***** Supplied data *****

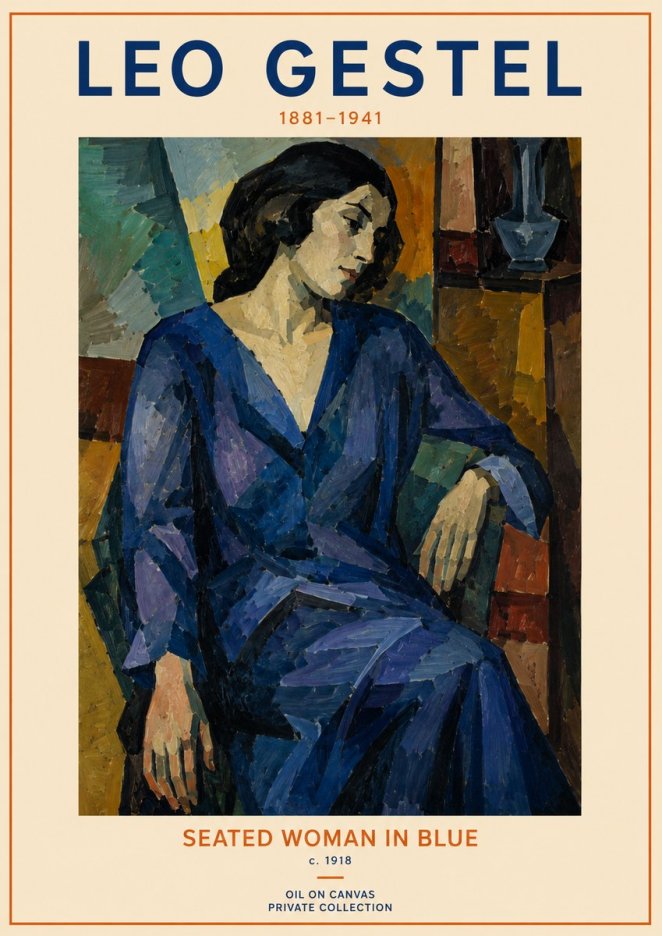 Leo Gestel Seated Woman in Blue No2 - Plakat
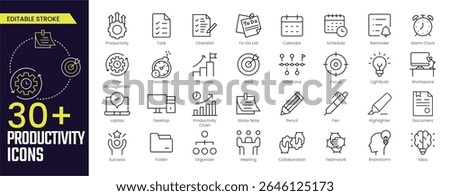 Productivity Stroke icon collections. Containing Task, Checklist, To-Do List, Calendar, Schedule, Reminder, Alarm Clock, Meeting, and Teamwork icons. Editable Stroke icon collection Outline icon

*****
***** Supplied data *****

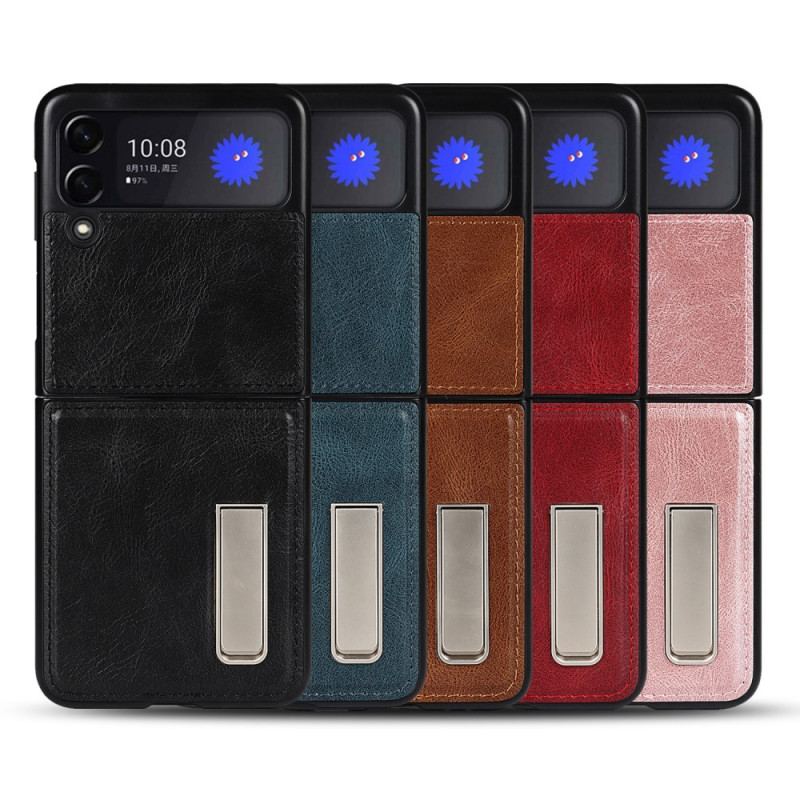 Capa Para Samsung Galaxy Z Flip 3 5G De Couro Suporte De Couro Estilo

*****

▸ Aim of the task
An exact transcription is needed of the lines from the one with "Leo Gestel Seated Woman in Blue No2 - Plakat" to the one with "Productivity Stroke icon" above, both ends included, with pictures left out.

▸ Written response
 Leo Gestel Seated Woman in Blue No2 - Plakat
 Productivity Stroke icon collections. Containing Task, Checklist, To-Do List, Calendar, Schedule, Reminder, Alarm Clock, Meeting, and Teamwork icons. Editable Stroke icon collection Outline icon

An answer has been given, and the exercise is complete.